[[ Record extracts open ]]

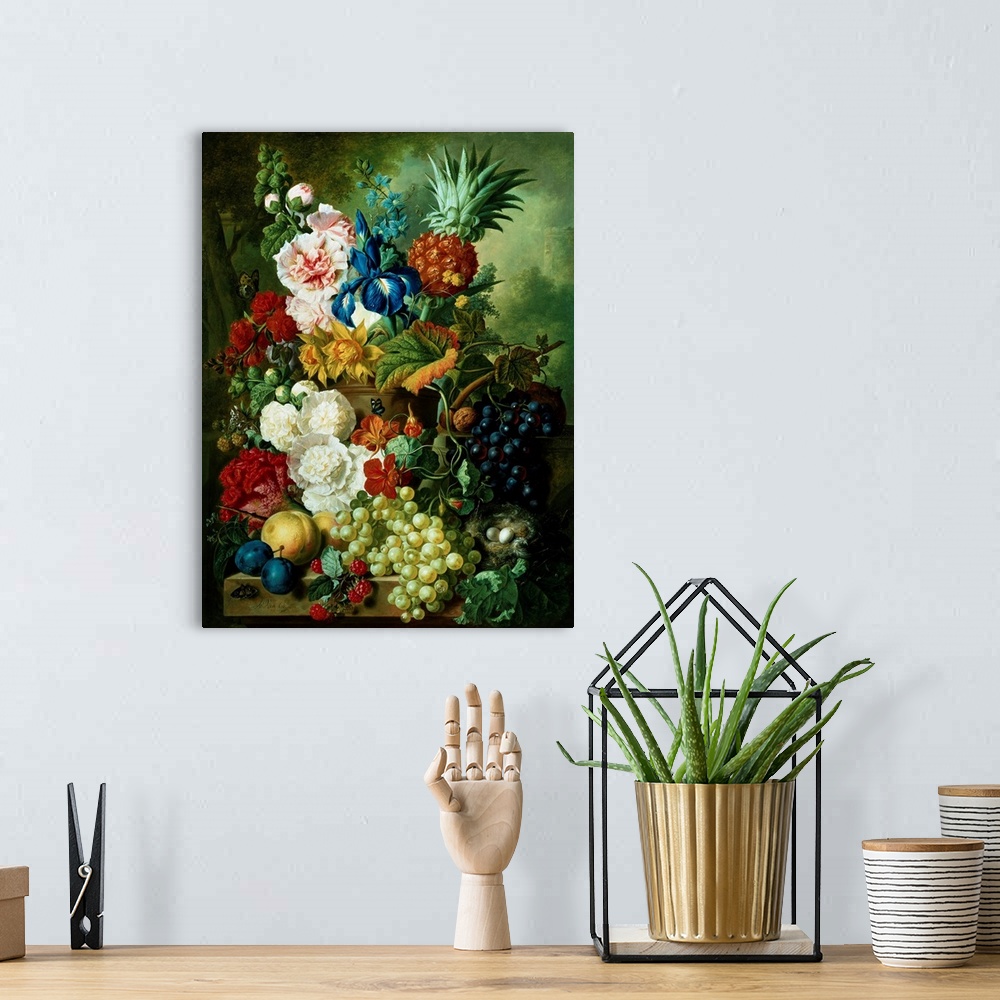 A bohemian room featuring A Rich Still Life Of Summer Flowers By Jan Van Os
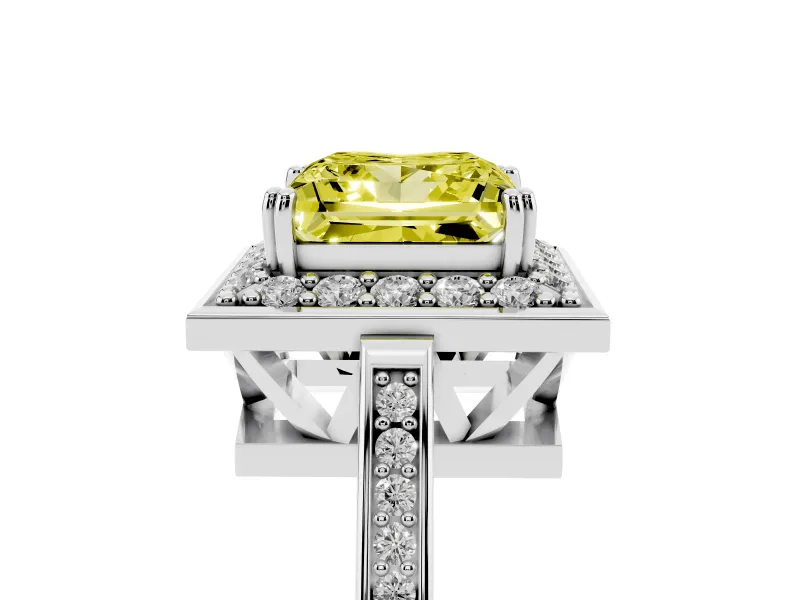 Princess Cut Halo Engagement Ring Setting for a Fancy Yellow Lab-Grown Diamond | Polished Halo Rim | Platinum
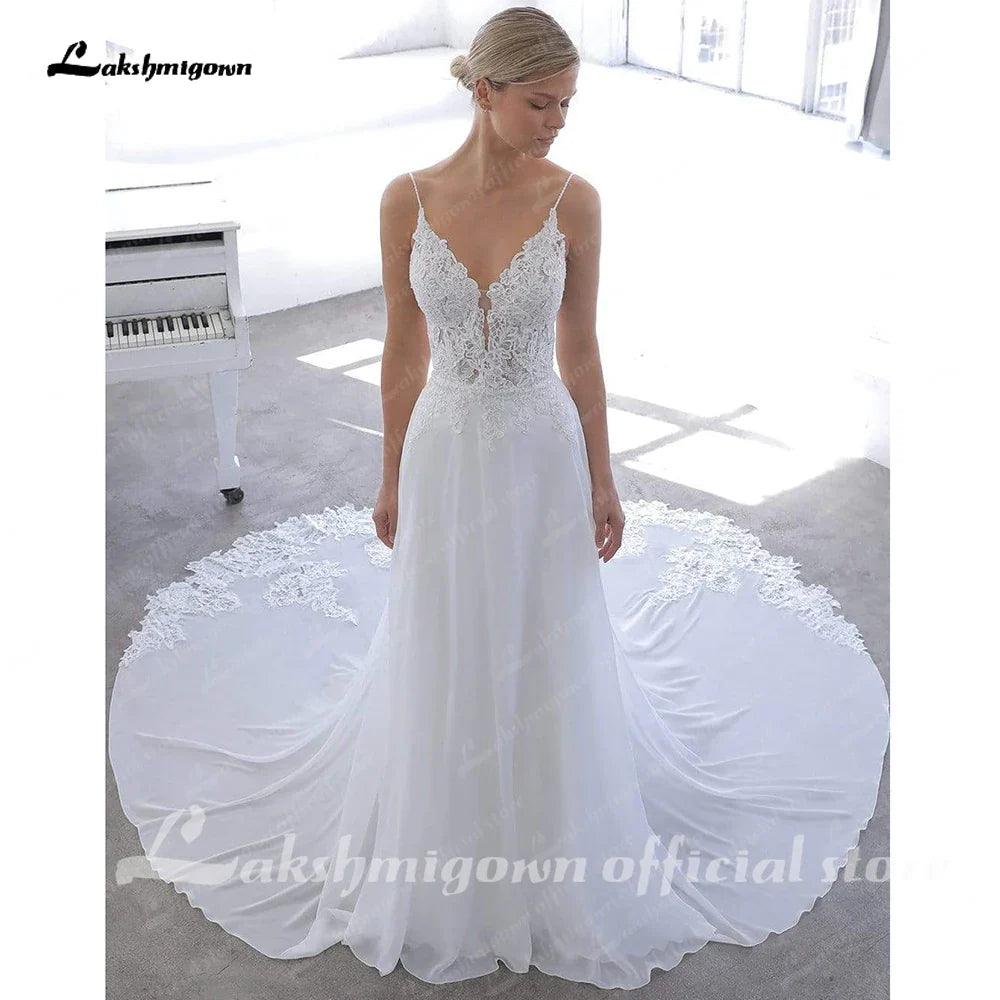 Vestido de novia bohemio de encaje vintage NumberSea 2025, cuello en V, sexy, para playa, espalda abierta 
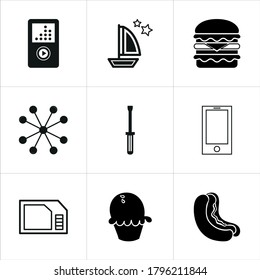 Illustration set of mixed icons isolated on white background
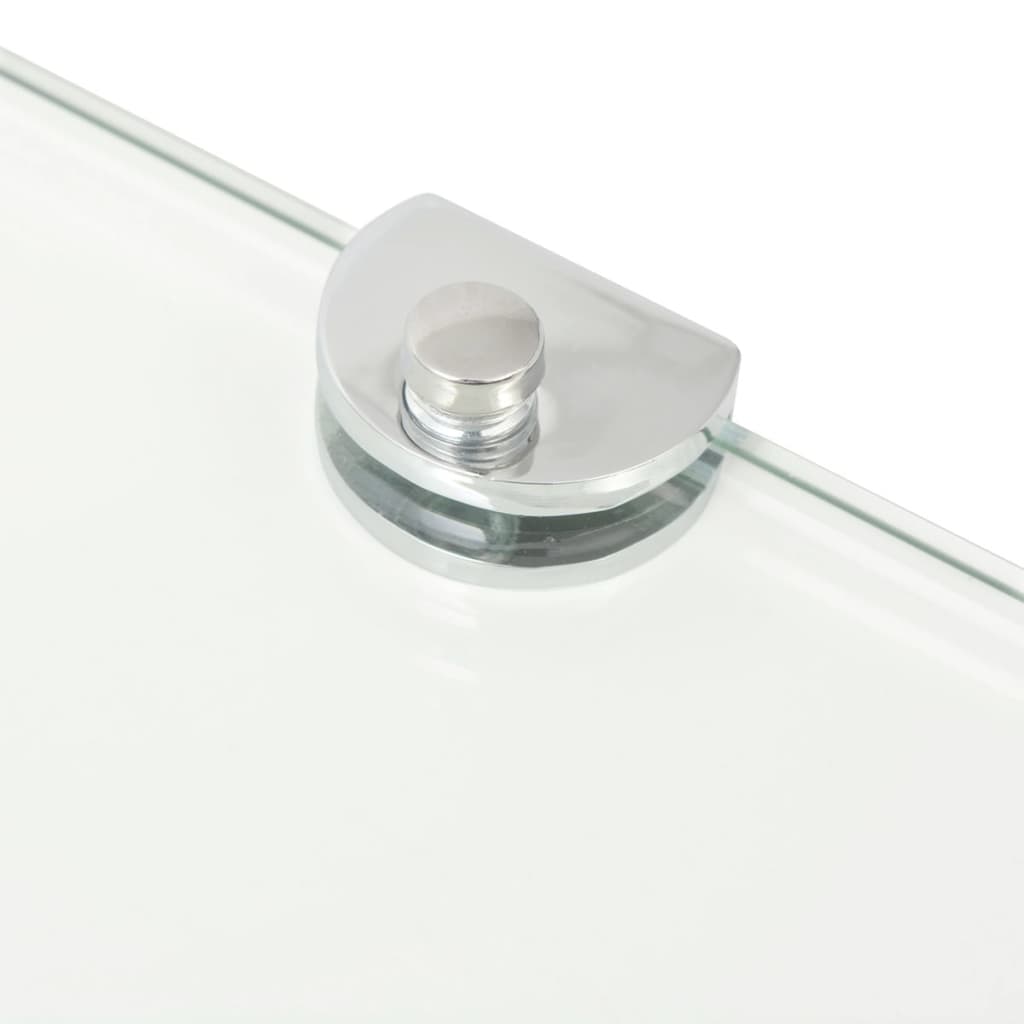 Hoekschap Met Chromen Dragers Transparant Glas 1 45 x 45 cm Doorzichtig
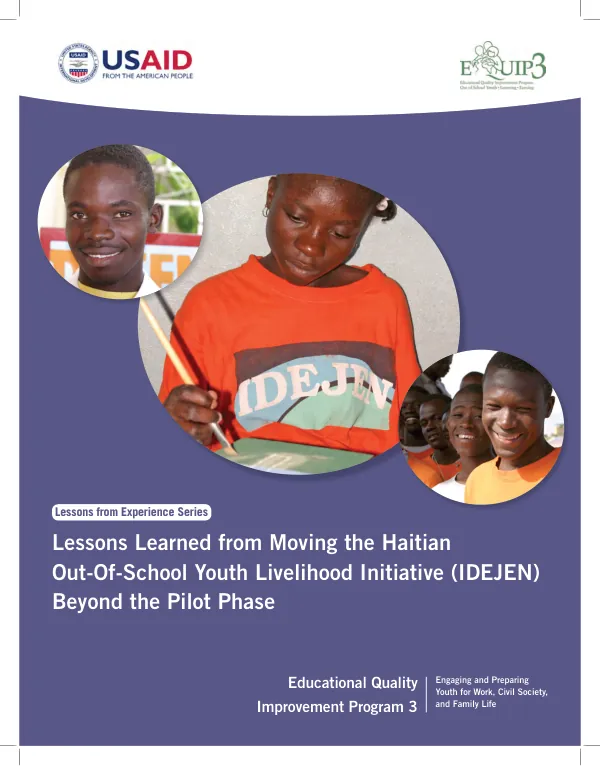 Lessons learned from moving the Haitian out-of-school youth livelihood initiative (IDEJEN) beyond the pilot phase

[[ Record extracts closed ]]

## [Work instruction]
Excluding all pictures, output exactly the lines from the line containing "Illustration set of" through the last line of the entries above.

## [Your solution]
 Illustration set of mixed icons isolated on white background
 Hoekschap Met Chromen Dragers Transparant Glas 1 45 x 45 cm Doorzichtig
 Lessons learned from moving the Haitian out-of-school youth livelihood initiative (IDEJEN) beyond the pilot phase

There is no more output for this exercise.